Moreover, barring a change of heart, Hogan’s decision strips Redskins owner Daniel Snyder of significant leverage in getting his new stadium built — leverage Snyder was counting on when, and if, he starts negotiating with officials in the District on financial incentives and accommodations for the project.

Hogan is not abandoning his effort to acquire the Oxon Cove site for other purposes, according to Amelia Chasse, his communications director. He is simply halting talks with the Redskins.

“We are not continuing discussions with the Redskins regarding this site at this time, however we are moving full steam ahead with acquiring state control of the Maryland Gateway in Prince George’s County from the federal government,” Chasse wrote in response to an email from The Washington Post asking whether Hogan had withdrawn support of a new Redskins stadium in Maryland. “We believe this site holds significant potential benefits for the region and the state, as does the proposal to expand protected federal parkland in Western Maryland. We are working closely with our federal partners to finalize the transfer.”
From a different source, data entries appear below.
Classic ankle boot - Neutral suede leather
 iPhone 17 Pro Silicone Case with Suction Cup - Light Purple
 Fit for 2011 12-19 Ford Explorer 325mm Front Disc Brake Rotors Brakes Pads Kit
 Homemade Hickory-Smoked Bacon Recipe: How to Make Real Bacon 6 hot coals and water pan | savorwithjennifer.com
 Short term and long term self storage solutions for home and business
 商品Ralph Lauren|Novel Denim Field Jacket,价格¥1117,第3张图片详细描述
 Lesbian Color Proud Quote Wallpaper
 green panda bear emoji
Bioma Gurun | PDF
Snyder’s first choice of location for his new stadium is the RFK Stadium site in the District, where the Redskins played from 1961 to 1996 and won three Super Bowl championships under Hall of Fame Coach Joe Gibbs.

Nonetheless, the possibility of building adjacent to MGM ­National Harbor, as Hogan had advocated, would have served as a useful bargaining chip, as well as a fallback plan.

Virginia, under Gov. Ralph Northam (D), has shown little interest in landing the Redskins’ next stadium.

With Hogan informing Redskins officials that he was calling a halt to his courtship, that leaves Snyder with essentially one suitor: D.C. Mayor Muriel E. Bowser (D), who has publicly championed the return of the Redskins to the RFK site.

Both Bowser and Snyder face significant political hurdles to build at the site. Because the ­190-acre parcel is owned by the federal government, District officials would first have to convince Congress to give the land to the city or extend a long-term lease, along with approval for commercial development.

Working in concert with the Redskins, D.C. officials tried to do that in stealth fashion late last fall, seeking to insert a provision to gain control of the RFK land in an omnibus spending bill. Because that bill wasn’t acted upon before the Republican-controlled Congress adjourned, the process must start anew in the current Congress, where it’s expected to meet more resistance in the Democratic-controlled House.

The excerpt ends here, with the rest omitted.